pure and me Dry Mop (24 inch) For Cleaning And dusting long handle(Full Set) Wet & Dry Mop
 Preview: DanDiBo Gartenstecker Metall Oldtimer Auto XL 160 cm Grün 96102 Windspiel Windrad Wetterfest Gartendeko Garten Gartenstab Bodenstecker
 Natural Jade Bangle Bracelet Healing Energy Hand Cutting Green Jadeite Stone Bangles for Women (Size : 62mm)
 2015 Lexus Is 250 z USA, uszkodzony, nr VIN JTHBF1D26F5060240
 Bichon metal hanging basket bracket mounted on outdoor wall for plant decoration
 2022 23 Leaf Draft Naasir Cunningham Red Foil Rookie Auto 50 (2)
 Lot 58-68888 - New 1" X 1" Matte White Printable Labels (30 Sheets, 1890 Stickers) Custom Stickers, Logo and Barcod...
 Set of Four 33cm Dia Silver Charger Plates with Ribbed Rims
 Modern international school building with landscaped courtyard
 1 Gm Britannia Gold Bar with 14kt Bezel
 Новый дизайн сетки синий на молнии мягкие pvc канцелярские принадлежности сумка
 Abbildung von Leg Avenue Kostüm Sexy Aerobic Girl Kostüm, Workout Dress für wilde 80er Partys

▸ WHAT TO PRODUCE
Having read the entries above, restate them all word for word.

▸ WRITTEN SOLUTION
pure and me Dry Mop (24 inch) For Cleaning And dusting long handle(Full Set) Wet & Dry Mop
 Preview: DanDiBo Gartenstecker Metall Oldtimer Auto XL 160 cm Grün 96102 Windspiel Windrad Wetterfest Gartendeko Garten Gartenstab Bodenstecker
 Natural Jade Bangle Bracelet Healing Energy Hand Cutting Green Jadeite Stone Bangles for Women (Size : 62mm)
 2015 Lexus Is 250 z USA, uszkodzony, nr VIN JTHBF1D26F5060240
 Bichon metal hanging basket bracket mounted on outdoor wall for plant decoration
 2022 23 Leaf Draft Naasir Cunningham Red Foil Rookie Auto 50 (2)
 Lot 58-68888 - New 1" X 1" Matte White Printable Labels (30 Sheets, 1890 Stickers) Custom Stickers, Logo and Barcod...
 Set of Four 33cm Dia Silver Charger Plates with Ribbed Rims
 Modern international school building with landscaped courtyard
 1 Gm Britannia Gold Bar with 14kt Bezel
 Новый дизайн сетки синий на молнии мягкие pvc канцелярские принадлежности сумка
 Abbildung von Leg Avenue Kostüm Sexy Aerobic Girl Kostüm, Workout Dress für wilde 80er Partys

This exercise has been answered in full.